One of the best sandwiches is the BL Double T -- bacon, turkey, lettuce and tomato
-- and it gets enough bite from the bacon to hold its own. (It is grilled in
the panini iron but made with sourdough; the Reuben is on rye. All the rest are
made with ciabatta.) And the pesto-chicken-provolone recipe was pleasant enough.
The main courses, on the other hand, are frequently happy-making, and a nice,
moderate size to boot. The scallops, five or six nice large and tender sea scallops
gently cooked in a thick orange sauce (actually something like a mango-orange
juice jam), are bedded down on what sounds like an unlikely partner, hummus;
but in fact the very slightly sour hint of the garbanzos works quite well. The
marinated lamb kebab may not be as assertively chunky as at some gyro joints,
but it's a nice plate's worth, a seven- or eight-inch skewer over rice. And the
Cajun tilapia actually benefits from lighter-than-Lagasse seasoning.

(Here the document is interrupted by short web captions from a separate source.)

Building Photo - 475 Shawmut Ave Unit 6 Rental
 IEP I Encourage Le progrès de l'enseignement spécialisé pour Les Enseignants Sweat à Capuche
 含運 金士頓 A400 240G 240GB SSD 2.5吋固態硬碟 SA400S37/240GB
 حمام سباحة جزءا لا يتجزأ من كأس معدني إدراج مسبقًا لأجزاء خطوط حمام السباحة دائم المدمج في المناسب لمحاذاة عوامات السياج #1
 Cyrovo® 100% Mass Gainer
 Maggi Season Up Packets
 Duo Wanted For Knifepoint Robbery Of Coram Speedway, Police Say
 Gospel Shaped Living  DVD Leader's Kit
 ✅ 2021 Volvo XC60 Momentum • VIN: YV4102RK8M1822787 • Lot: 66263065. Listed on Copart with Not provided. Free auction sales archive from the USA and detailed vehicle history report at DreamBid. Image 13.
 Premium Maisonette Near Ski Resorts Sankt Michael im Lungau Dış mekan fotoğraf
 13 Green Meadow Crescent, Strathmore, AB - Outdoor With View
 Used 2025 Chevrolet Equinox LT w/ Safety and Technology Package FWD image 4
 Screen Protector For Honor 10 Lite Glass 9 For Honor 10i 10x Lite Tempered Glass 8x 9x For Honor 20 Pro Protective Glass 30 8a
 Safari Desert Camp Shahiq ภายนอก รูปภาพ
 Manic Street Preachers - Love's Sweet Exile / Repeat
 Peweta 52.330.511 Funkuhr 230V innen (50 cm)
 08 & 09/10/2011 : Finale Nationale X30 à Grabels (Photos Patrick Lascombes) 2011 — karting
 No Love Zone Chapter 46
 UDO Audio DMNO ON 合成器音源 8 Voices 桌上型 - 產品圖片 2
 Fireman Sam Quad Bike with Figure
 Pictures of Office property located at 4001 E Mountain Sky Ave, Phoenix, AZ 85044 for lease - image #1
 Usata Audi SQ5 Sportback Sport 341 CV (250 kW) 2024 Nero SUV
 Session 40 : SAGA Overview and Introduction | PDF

Among the small appetizers are a trio of spreads with toast rounds; the spreads
vary by the day, but have included hummus, spinach, roasted pepper cream cheese
and a very creditable pimiento cheese. The seafood soup is nice -- one of those
rice and oyster stews that would be a gumbo if it had okra -- but make sure you
ask for the Tabasco. The tomato-feta quesadilla is easy to get along with, sided
by salsa and (very cold, tortilla-chilling) sour cream.
Those walls that aren't hung with menu boards and pastie posters serve as a rotating
gallery for the Arlington Artists Alliance, which is fun. There is sly fun on
the menu, notably a "special price fixe" on Wednesdays: "Any appetizer and main
course, $18.35" -- which is exactly what $7.34 and $11.01, the usual prices for
appetizers and entrees, add up to anyway. And instead of the usual early-bird
special, there's the "early Kiwi" deal from 5 to 6:30 p.m. Tuesday through Saturday.
The most family-friendly concept is Thursday fun night, which is fun for the
parents because while they're eating upstairs, the kids are playing (with supervision)
downstairs. For those without children, better bets might be Saturdays, when
the cafe hosts local jazz or acoustic musicians; or Tuesday wine nights: three
courses and three 2.5-ounce glasses for $19.72. Once I was charged for the free
dessert, but on the other hand, there were a few extra ounces in the flight,
and I was perfectly happy with the exchange.